▸ **Data excerpts**:
##############################

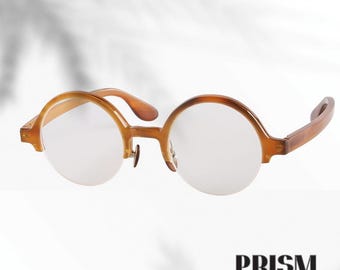 Könnte beinhalten: Runde, braune Brille mit klassischem Design. Die Fassungen sind in einem warmen Bernsteinton gehalten, die Gläser sind klar. Die Brille hat einen Schlüssellochsteg und ist für den täglichen Gebrauch geeignet. Das Wort "PRISM" ist unten in Schwarz gedruckt.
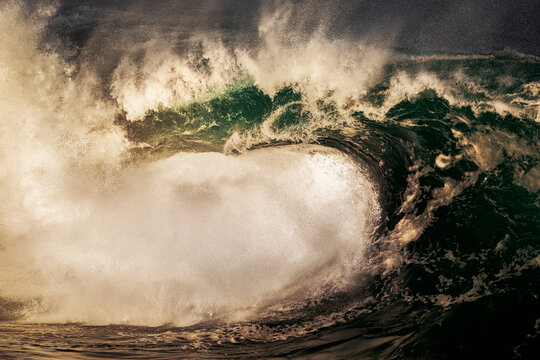 Large powerful ocean wave breaking over shallow reef in dramatic golden light along the New South Wales coastline, Australia.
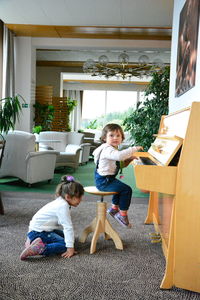 Side view of girl sitting on carpet by sister playing piano at home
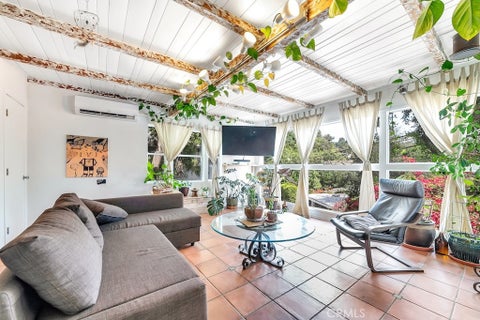 Photo of 8869 Lookout Mountain Ave AVE, Los Angeles, CA 90046 (MLS # SR26149537)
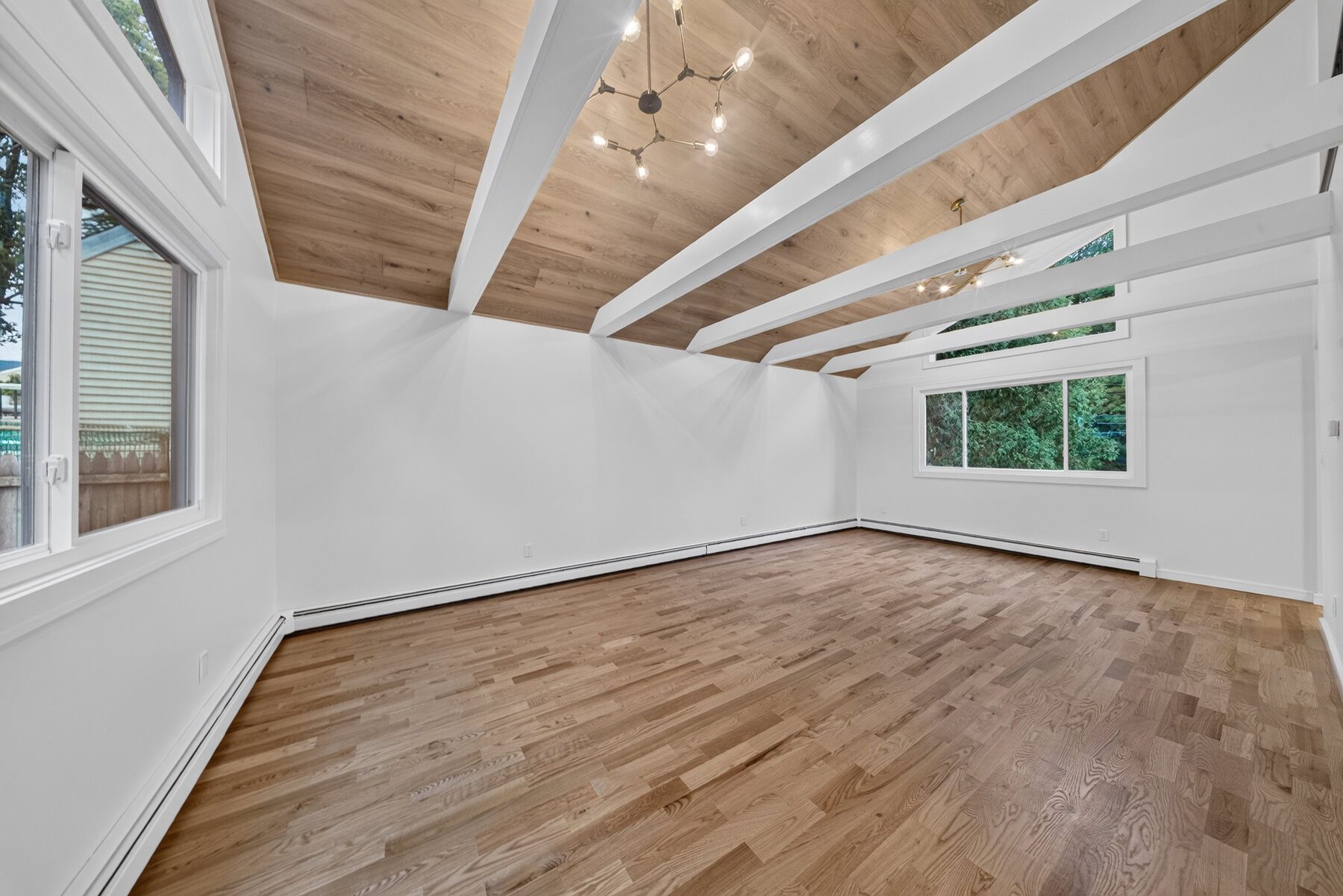 Vaulted great room with white beams and warm wood ceiling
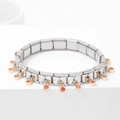 Silver modular link bracelet with gold charms and orange-red gemstones on white decor - Champagne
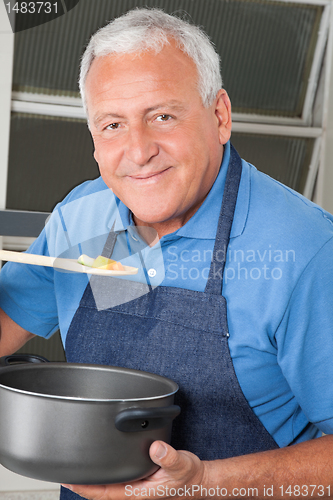 Image of Man Tasting Food From Spoon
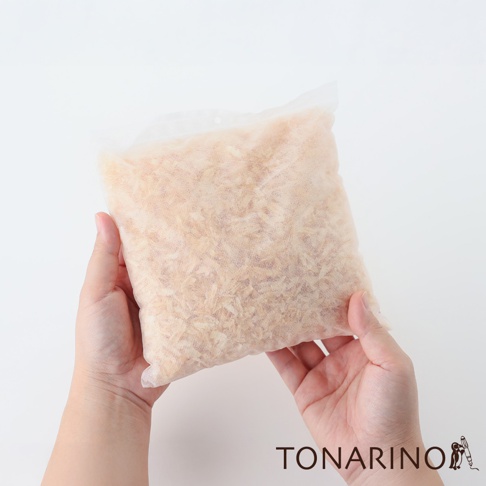 雙手捧著一個半透明的淺米色布袋，袋內裝滿了淺棕色的檜木屑。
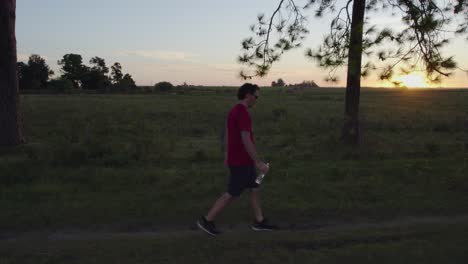 Young-man-walking-workout-stops-to-drink-water-in-nature-at-sunset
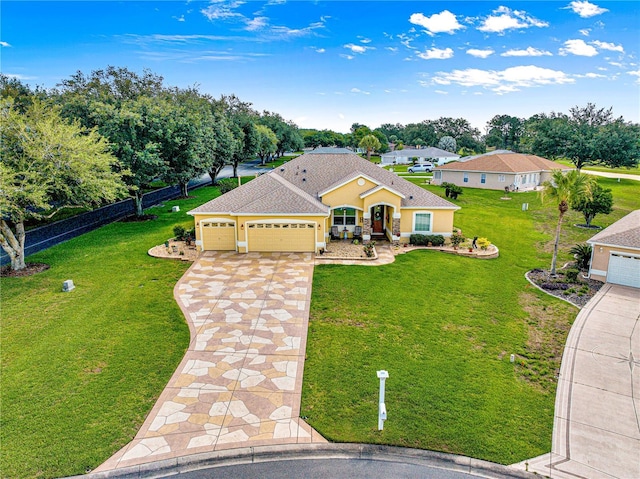 13885 Del Webb Blvd, Summerfield, FL 34491 - view of front facade featuring concrete driveway, an attached garage, stucco siding, and roof with shingles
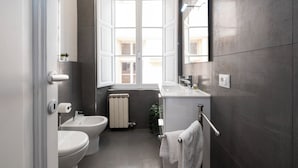 A modern bathroom with a toilet, bidet, and sink, featuring a large window and a towel rack. - Domus Maggiore Apartment (Roma)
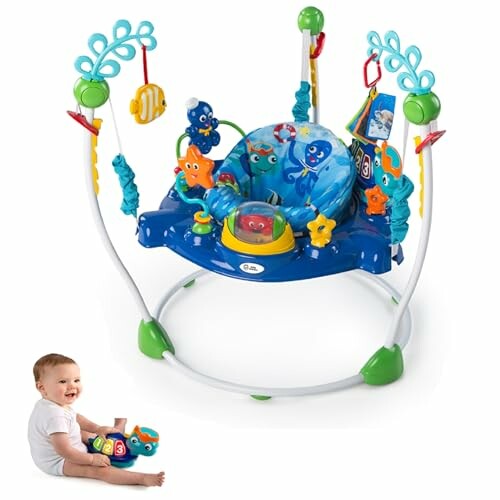 Colorful baby activity center with toys and a smiling baby.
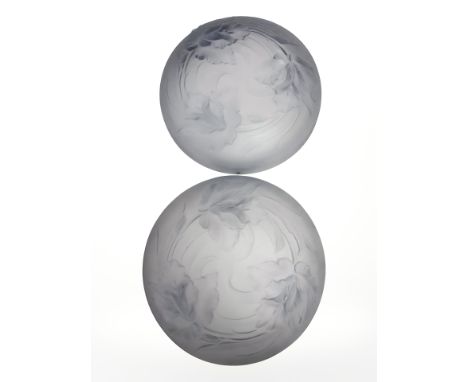 A pair of Art Deco blue frosted glass circular light shades depicting flowers in relief, diameter 34 cm 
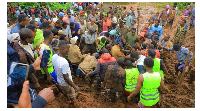 Residents digging to recover a dead body following the heavy rains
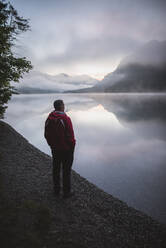 Austria, Plansee, Young man standing by Plansee lake at sunrise - TETF00094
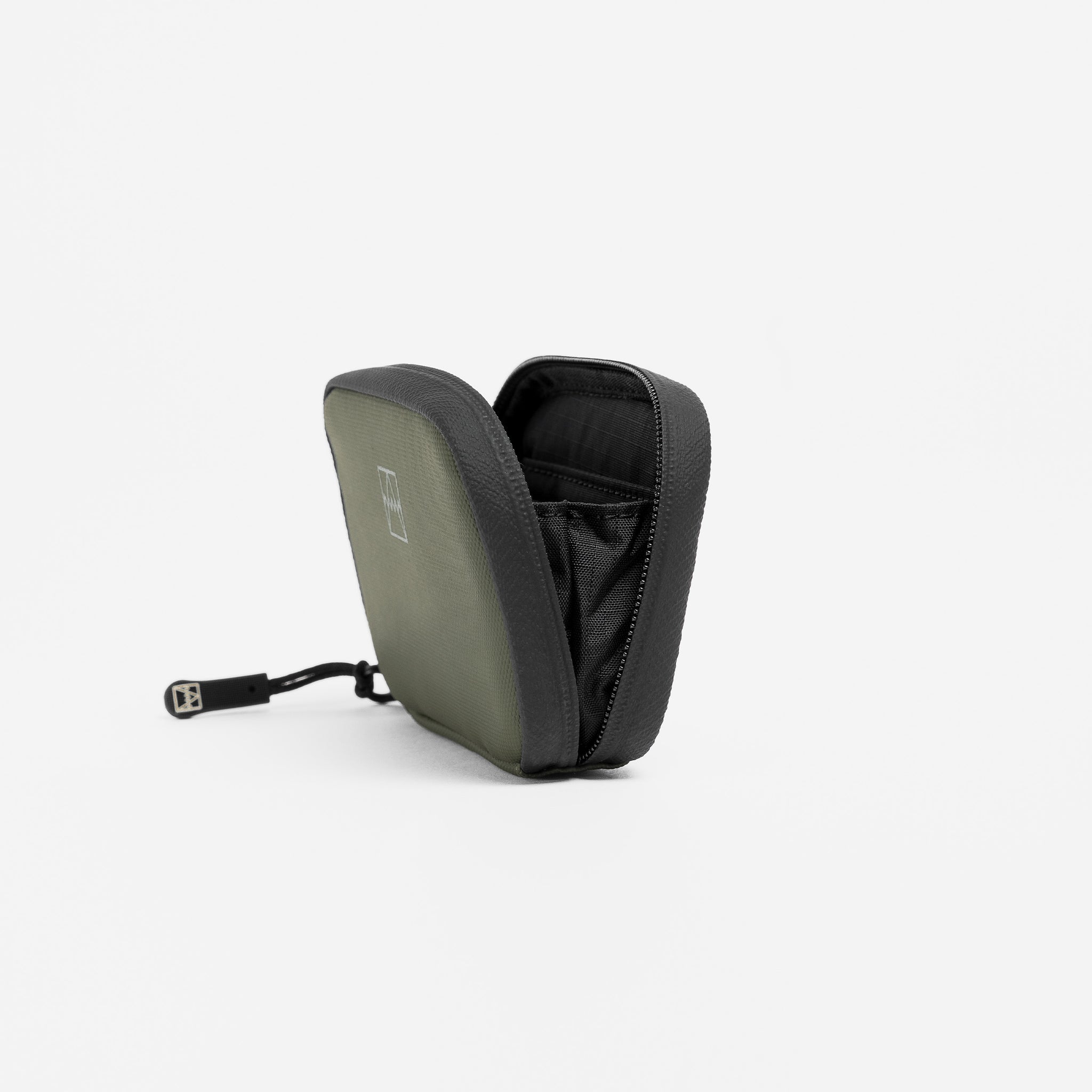 A studio shot of the end of the Wallet in Urban Green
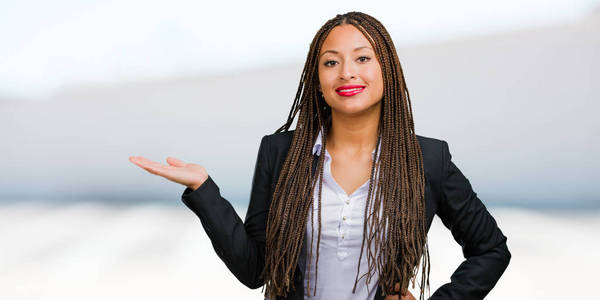 一个年轻的黑人商业妇女的肖像手持东西, 显示一个产品, 微笑和欢快, 提供一个假想的对象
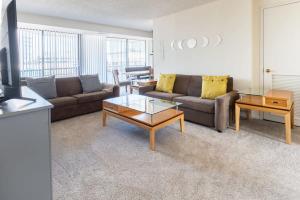 2BR Serene Executive Retreat with Balcony في أرلينغتون: غرفة معيشة مع أريكة وطاولة قهوة
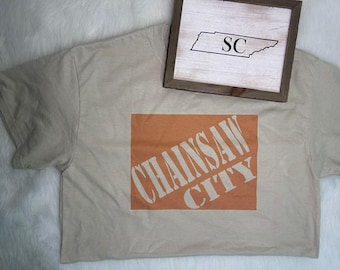 May include: Beige t-shirt with an orange rectangle featuring the words "CHAINSAW CITY" in white. A small wooden framed sign with the outline of Tennessee and the letters "SC" rests on the shirt.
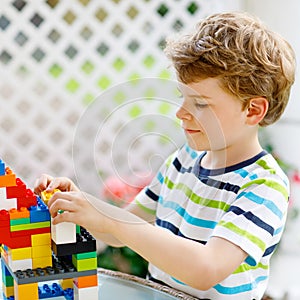 Little blond child playing with lots of colorful plastic blocks. Adorable preschool kid boy wearing colorful shirt and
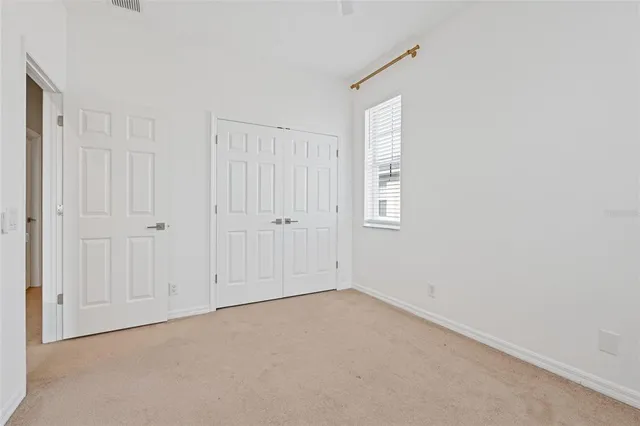 a bathroom with a granite countertop sink toilet a mirror and shower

##############################

▸ **What is being asked**: Output exactly the lines from the line containing "Silver modular link" through the last line of the records, both included, and leave out every picture.

▸ **Output for this task**:
 Silver modular link bracelet with gold charms and orange-red gemstones on white decor - Champagne
 Image of Man Tasting Food From Spoon
 雙手捧著一個半透明的淺米色布袋，袋內裝滿了淺棕色的檜木屑。
 Young-man-walking-workout-stops-to-drink-water-in-nature-at-sunset
 13885 Del Webb Blvd, Summerfield, FL 34491 - view of front facade featuring concrete driveway, an attached garage, stucco siding, and roof with shingles
 A modern bathroom with a toilet, bidet, and sink, featuring a large window and a towel rack. - Domus Maggiore Apartment (Roma)
 Colorful baby activity center with toys and a smiling baby.
 A pair of Art Deco blue frosted glass circular light shades depicting flowers in relief, diameter 34 cm 
 Residents digging to recover a dead body following the heavy rains
 Austria, Plansee, Young man standing by Plansee lake at sunrise - TETF00094
 A studio shot of the end of the Wallet in Urban Green
 一个年轻的黑人商业妇女的肖像手持东西, 显示一个产品, 微笑和欢快, 提供一个假想的对象
 2BR Serene Executive Retreat with Balcony في أرلينغتون: غرفة معيشة مع أريكة وطاولة قهوة
 May include: Beige t-shirt with an orange rectangle featuring the words "CHAINSAW CITY" in white. A small wooden framed sign with the outline of Tennessee and the letters "SC" rests on the shirt.
 Little blond child playing with lots of colorful plastic blocks. Adorable preschool kid boy wearing colorful shirt and
 a bathroom with a granite countertop sink toilet a mirror and shower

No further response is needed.